Culture and Economic Sociology
Nina Bandelj, Xinling ZhouSummary
Prominent cultural lines of research have developed in the field of economic sociology, departing from early developments that had a strong structural focus. Inspired by the work of Viviana Zelizer and Paul DiMaggio in the 1990s, this subfield of cultural economic sociology can be analyzed through four lenses. The first is a body of work that treats culture as cognitive schemas, ideas, and categories and pays special attention to the performativity of economic models. The second line of work addresses valuation and meaning, including changing social value of children and life, cultural foundation of prices, the social meaning of money, and the relational work of matching multiple monies with fitting social relations. The third line of inquiry has become known as the morals and markets scholarship, including considerations of morally fraught and taboo economic exchange. The fourth strand concerns broader institutions and how culture influences various aspects of economic organization that differ across national contexts, such as industrial policy, financial regulation, legal provisions, or economic development.
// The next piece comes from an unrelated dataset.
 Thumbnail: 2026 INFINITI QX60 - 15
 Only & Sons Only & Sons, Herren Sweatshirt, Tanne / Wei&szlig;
Promising avenues of future research are well poised to address persistent theoretical and new empirical lines of inquiry, including how cultural economic sociology can advance cultural sociology more broadly; how it intersects with issues of domination, power, and inequality; and what it contributes to understanding of digital and platform economies, algorithmic valuation, artificial intelligence, renewable energy, biotechnology, state–market relations, and people’s economic lives increasingly polarized and mistrusting of economic data and expertise.